Recommender systems are an integral part of most of today's web services. Large websites such as Amazon, LinkedIn, or Youtube operate production recommender systems that handle vast amounts of user data to personalize their products. To increase the currentness and relevance of their recommendations, real-time computation of recommendations has become a crucial trend in the industry in recent years.

Social networks such as Twitter and Pinterest introduced recommender systems that use random walk algorithms to compute real-time recommendations on large social network graphs. Twitter proposed with GraphJet the first production system to keep an entire social graph of users and tweet interactions in memory on a single machine to compute tweet recommendations. We built Kafka Salsa on the principles of GraphJet to create a fast, real-time recommender system that is easily deployed into the Kafka ecosystem. The Kafka Streams framework enables us to also extend GraphJet with a managed graph storage that recovers automatically from failure and is easily scalable in a production setting.

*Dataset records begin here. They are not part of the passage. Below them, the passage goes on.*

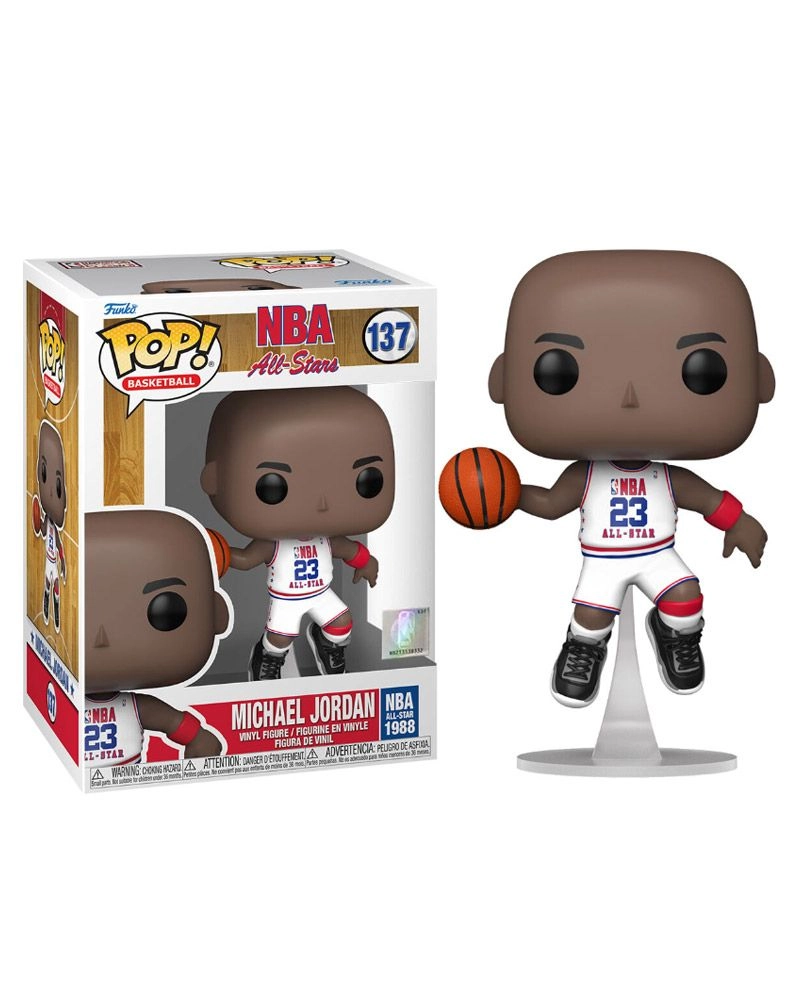 Michael Jordan - NBA - POP! All Stars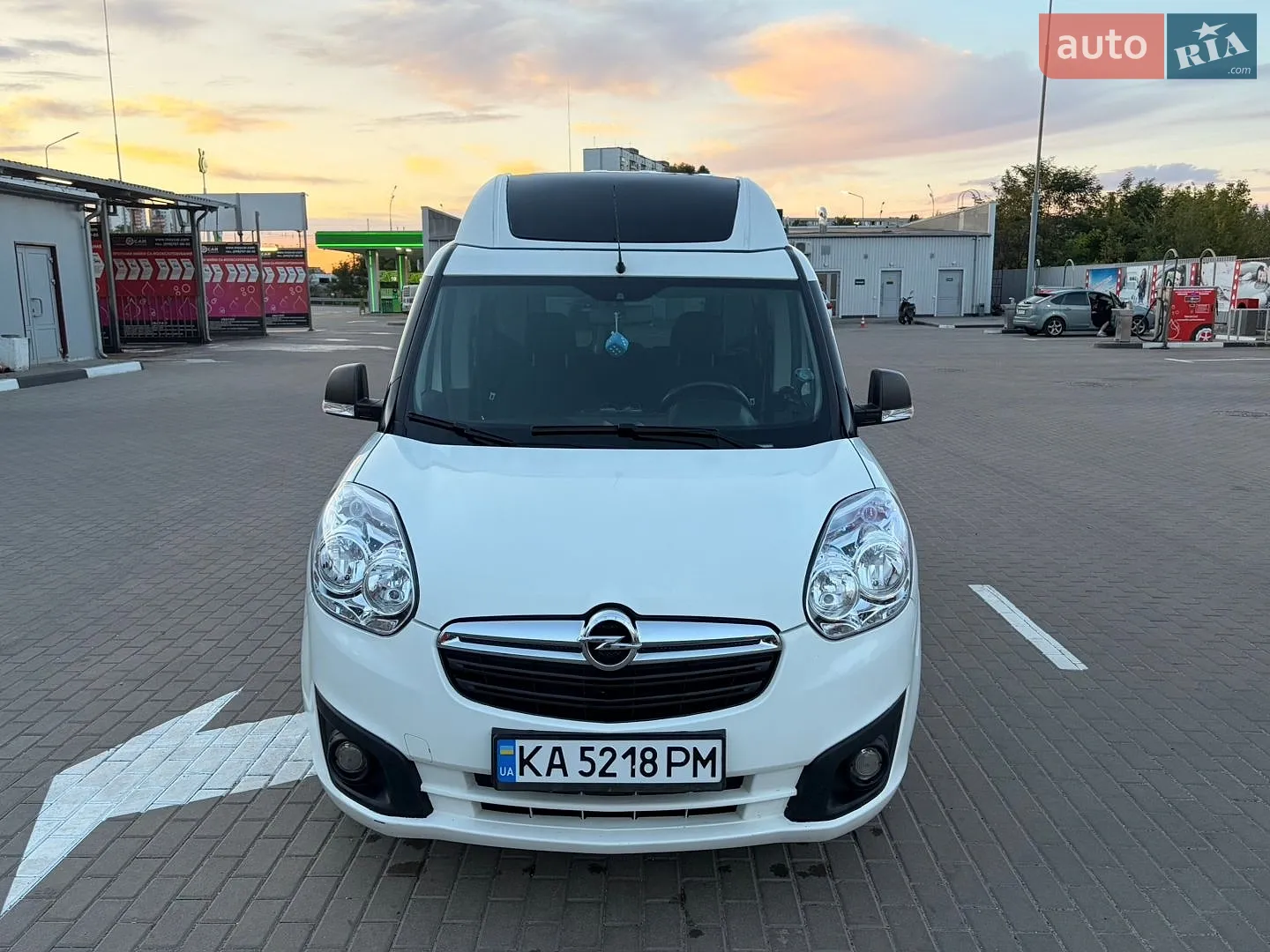 Opel Combo, 2016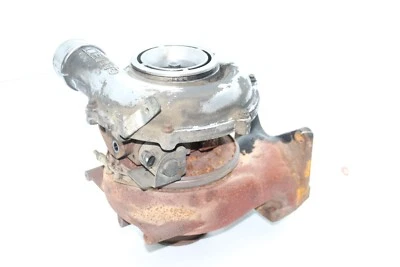 04.5-10 雪佛兰 SILVERADO 2500HD 6.6L LLY LBZ LMM GARRETT TURBOCHARGER Q6986 — 第 1/4 张图片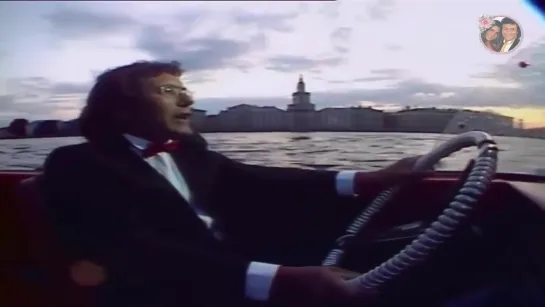 Al Bano & Romina Power - Felicita (Leningrad 1984)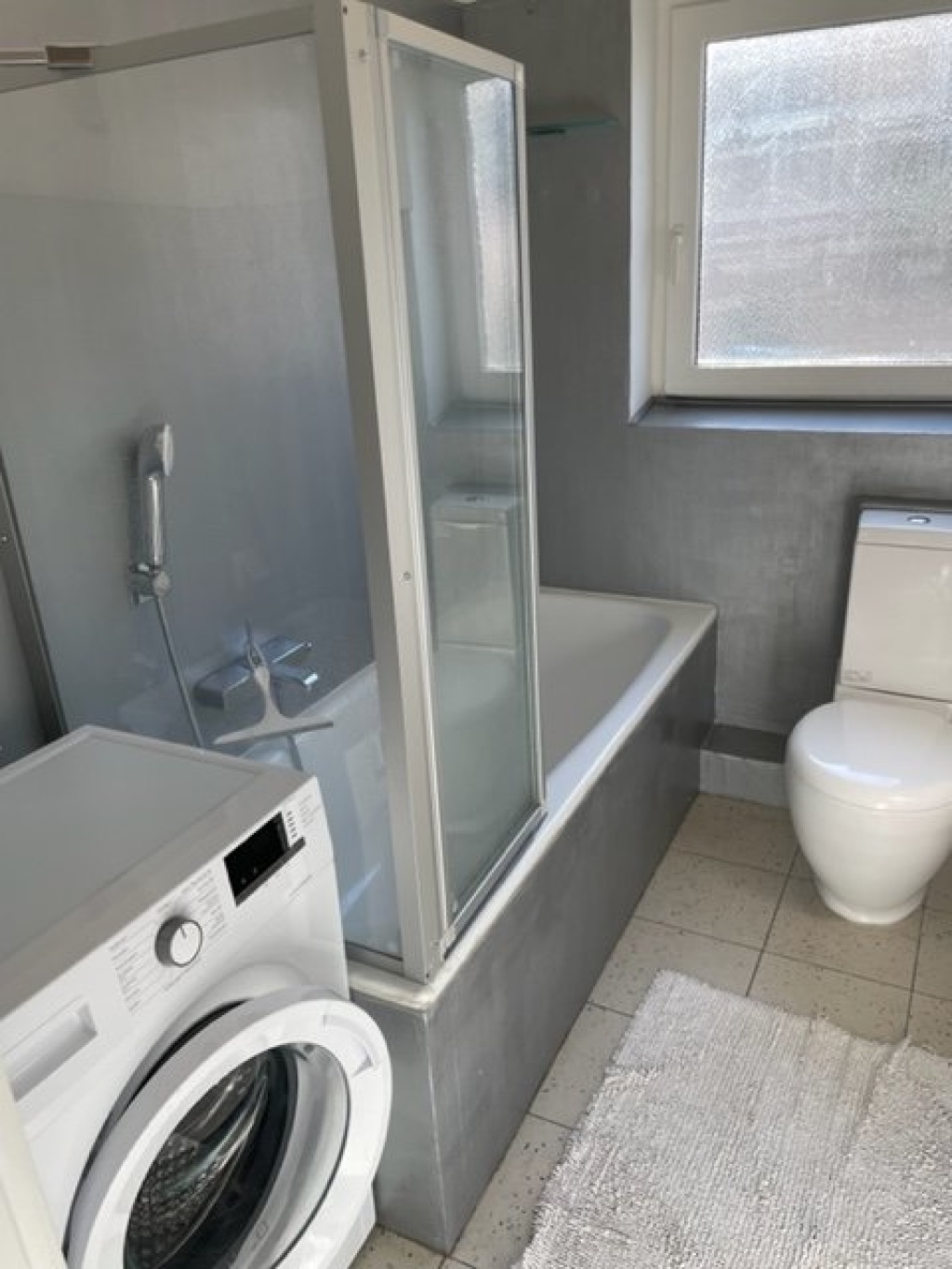 2 Zi. in 2 Zi. Whg., Küche, + Vollbad + Balkon, möbliert. – Hardenstr. 38, 20539 Hamburg Rothenburgsort – Vorschaubild 11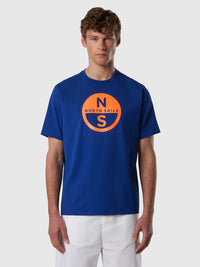 T SHIRT SHORT SLEEVE W/GRAPHIC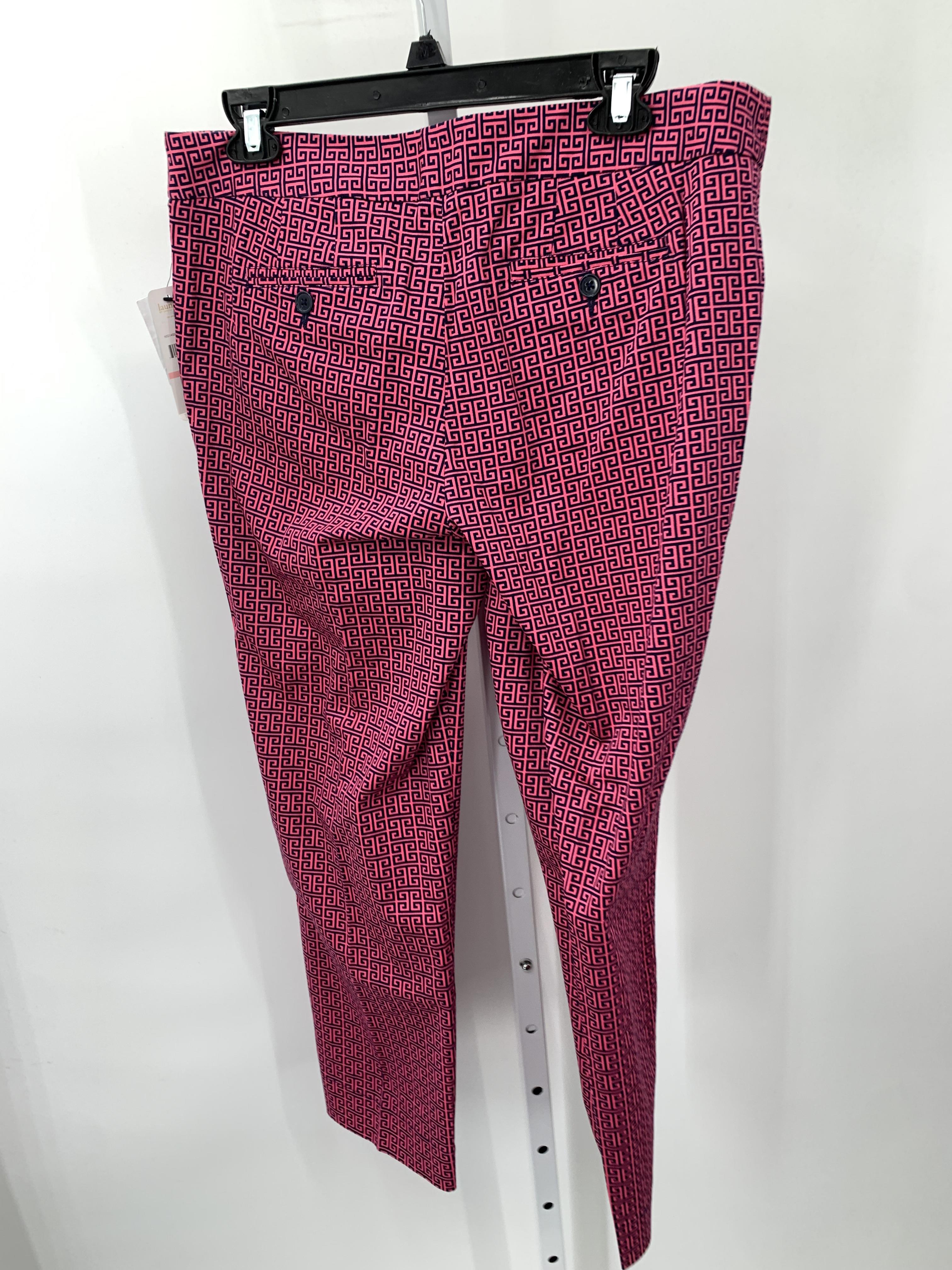 Laundry Size 10 Misses Cropped Pants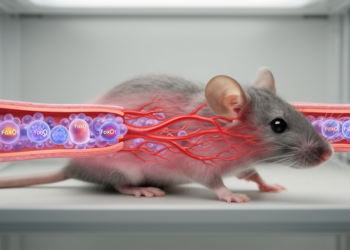 Mouse study links endothelial FoxO1 to female vascular resilience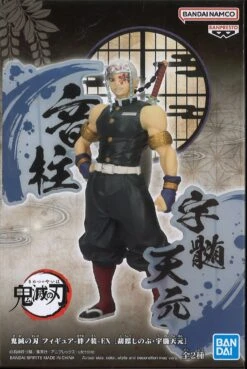 BANPRESTO Demon Slayer: Kimetsu No Yaiba Figure Ex (B: Tengen Uzui) -Toy Discount Store 89285 3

We present four different graph stores that you can plug into the Kafka Salsa application and evaluate their respective performance.

5. Contribution

We contribute the following:

  • Kafka Salsa, an adaption of Twitter's real-time, graph-based recommender system GraphJet on Kafka Streams.
  • Four graph storage engines that can be plugged into the recommender system that extend GraphJet with automatic failure recovery.

We publish our entire project including the recommender sytem, our dataset, crawler, evaluation suite and scripts to deploy the application on Kubernetes.

6. Related Work

This project is motivated by the GraphJet production recommender system at Twitter [1] that holds an entire bipartite user-tweet-interaction graph in memory on a single machine to compute real-time recommendations using a personalized SALSA random-walk algorithm [5]. Before Twitter, several companies have described large-scale, production recommender systems [6, 7, 8]. However, unlike GraphJet, these systems are not real-time as they precompute recommendations in batches before they are requested by users.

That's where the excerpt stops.